Here’s a complete solution covering all three critical areas:
API Gateway Payload Limits:
The Oracle IoT Cloud Platform API gateway enforces a 2MB payload limit per request by default, with a maximum configurable limit of 10MB. However, increasing the limit isn’t recommended for bulk ingestion scenarios due to timeout and memory constraints. Instead, work within the 2MB limit using proper chunking strategies.
To optimize within this constraint, enable gzip compression on your HTTP requests. Add the header Content-Encoding: gzip and compress your JSON payload before transmission. Example implementation:
import gzip
import json
payload = json.dumps(events).encode('utf-8')

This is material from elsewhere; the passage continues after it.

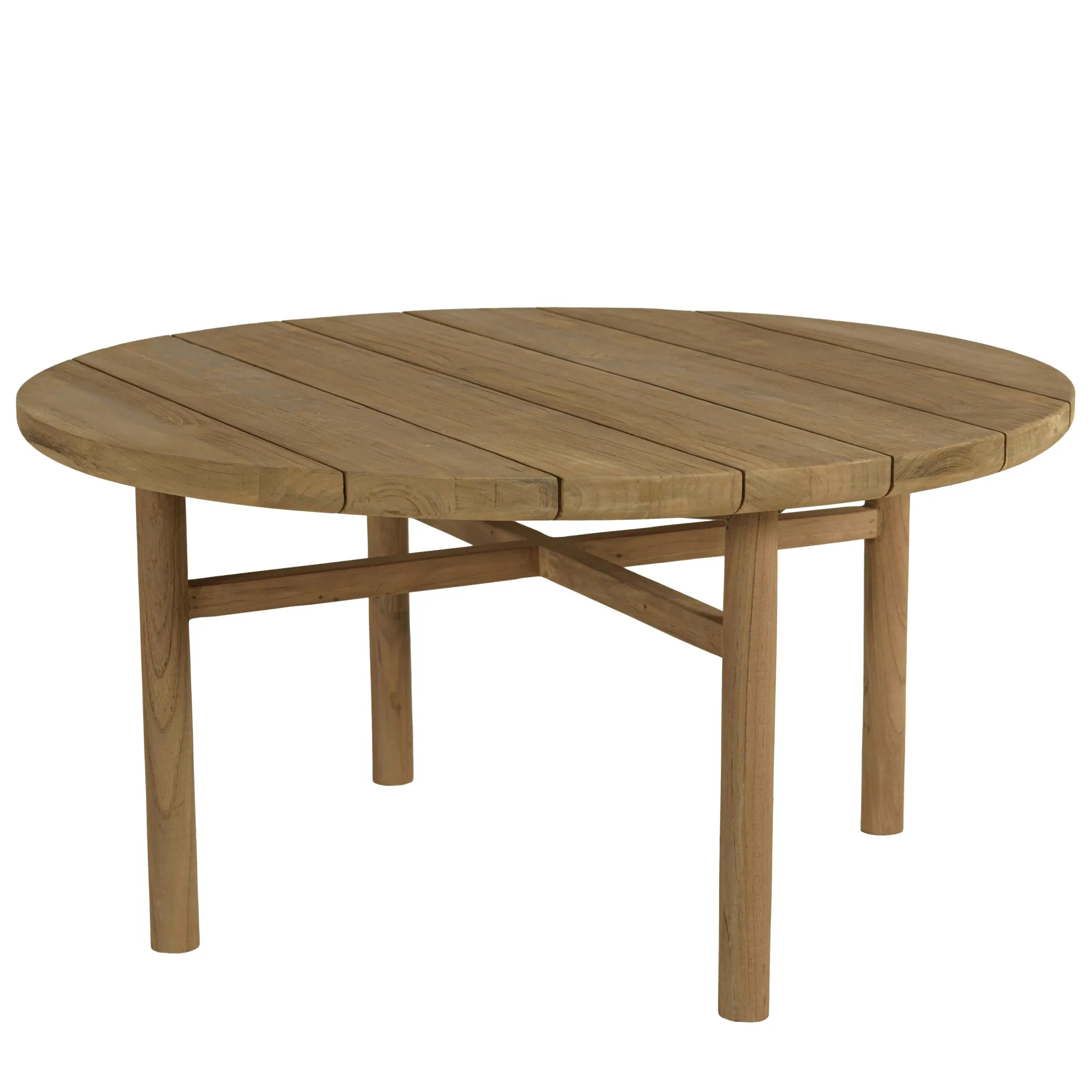 Table basse de jardin ronde en bois de teck recyclé naturel D80 cm SANTO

compressed = gzip.compress(payload)
headers = {'Content-Encoding': 'gzip'}
Compression typically achieves 3-5x reduction for JSON event data, allowing you to send 6000-10000 events in a single 2MB request. Monitor the actual compressed payload size and adjust batch sizes dynamically based on compression ratios observed in your data.
Chunked Upload Strategy:
Implement intelligent chunking based on payload size, not event count. Calculate chunk boundaries dynamically: serialize events to JSON incrementally, tracking cumulative size, and create a new chunk when size approaches 1.5MB (leaving 500KB headroom for HTTP overhead and compression variability).

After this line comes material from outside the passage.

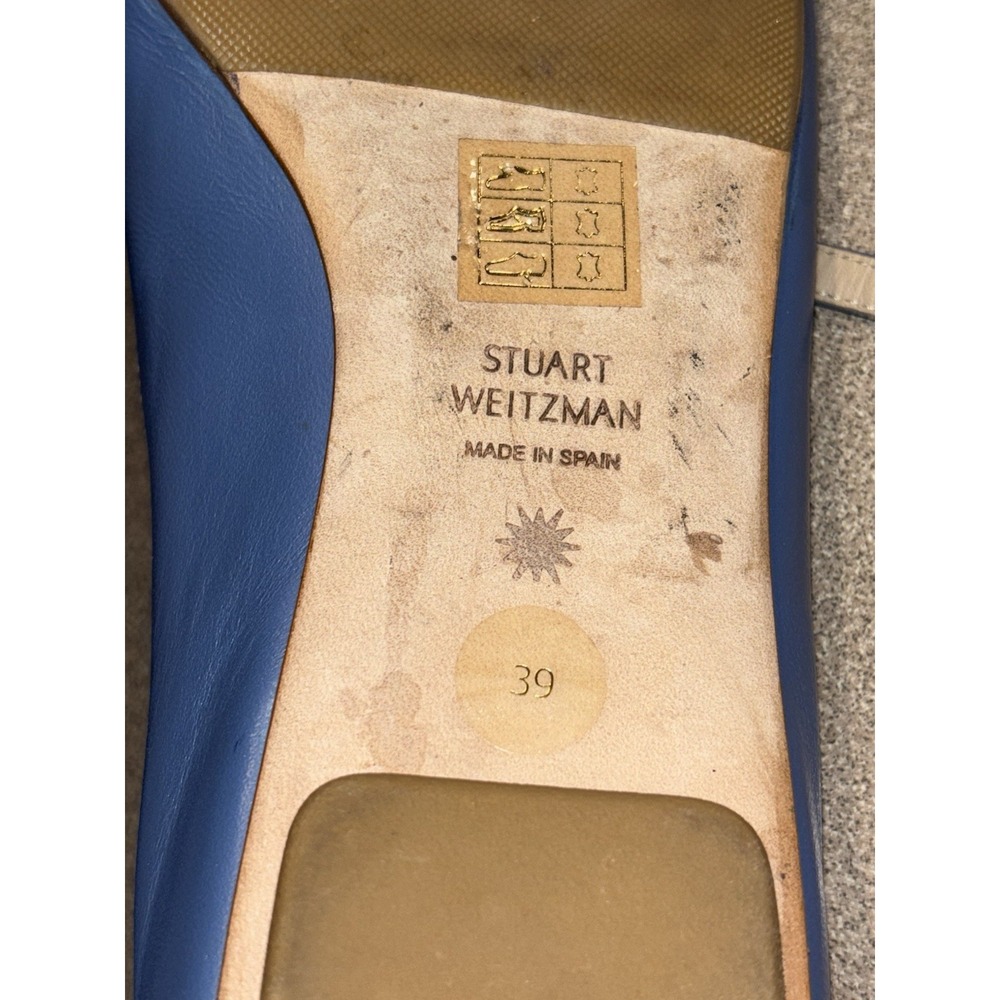 Stuart Weitzman Emilia Mary Jane Flats Blue Leather Ballet Pointed Toe 39 US 8.5 - Picture 9 of 9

Here’s the chunking algorithm:
chunks = []
current_chunk = []
current_size = 0
for event in events:
event_json = json.dumps(event)
event_size = len(event_json.encode('utf-8'))
if current_size + event_size > 1.5 * 1024 * 1024:
chunks.append(current_chunk)
current_chunk = [event]
current_size = event_size
else:
current_chunk.append(event)
current_size += event_size
Use the bulk ingestion transaction API for atomicity. Before uploading chunks, create a transaction: POST /iot/api/v2/apps/events/bulk/transaction which returns a transaction ID. Upload each chunk with the transaction ID in the header: X-Transaction-ID: {txnId}. After all chunks upload successfully, commit the transaction: POST /iot/api/v2/apps/events/bulk/transaction/{txnId}/commit. If any chunk fails, rollback: POST /iot/api/v2/apps/events/bulk/transaction/{txnId}/rollback.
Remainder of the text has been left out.